Just as here Saint Max takes the 177 bailliages and 431 divisions des ordres for “individuals”, so he later sees in the absolute monarch and hiscar tel est notre plaisir [“for this is our will” — the concluding words of royal edicts] the rule of the “individual” as against the constitutional monarch, the “rule of the apparition” (p. 141), and in the aristocrat and the guild-member he again sees the “individual” in contrast to the citizen (p. 137).

“The Revolution was not directed against reality, but against this reality, against this definite existence” (p. 145).

Hence, not against the really existing system of landownership, of taxes, of customs duties which hampered commerce at every turn, and the [… gap in the manuscript]

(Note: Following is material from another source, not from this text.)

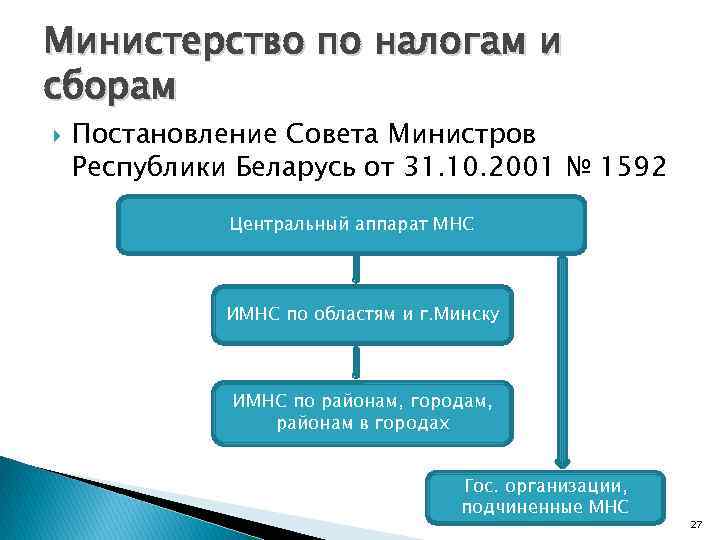 Министерство по налогам и сборам Постановление Совета Министров Республики Беларусь от 31. 10. 2001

[… “Stirner” thinks] it makes no difference [“to ‘the good burghers’ who defends them] and their principles, whether an absolute or a constitutional king, a republic, etc. — For the “good burghers” who quietly drink their beer in a Berlin beer-cellar this undoubtedly “makes no difference”; but for the historical bourgeois it is by no means a matter of indifference. The “good burgher” “Stirner” here again imagines — as he does throughout this section — that the French, American and English bourgeois are good Berlin beer-drinking philistines. If one translates the sentence above from the language of political illusion into plain language, it means: “it makes no difference” to the bourgeoisie whether it rules unrestrictedly or whether its political and economic power is counterbalanced by other classes. Saint Max believes that an absolute king, or someone else, could defend the bourgeoisie just as successfully as it defends itself. And even “Its principles”, which consist in subordinating state power to “chacun pour soi, chacun chez soi” [each for himself and the devil take the hindmost] and exploiting it for that purpose — an “absolute monarch” is supposed to be able to do that! Let Saint Max name any country with developed trade and industry and strong competition where the bourgeoisie entrusts its defence to an “absolute monarch”.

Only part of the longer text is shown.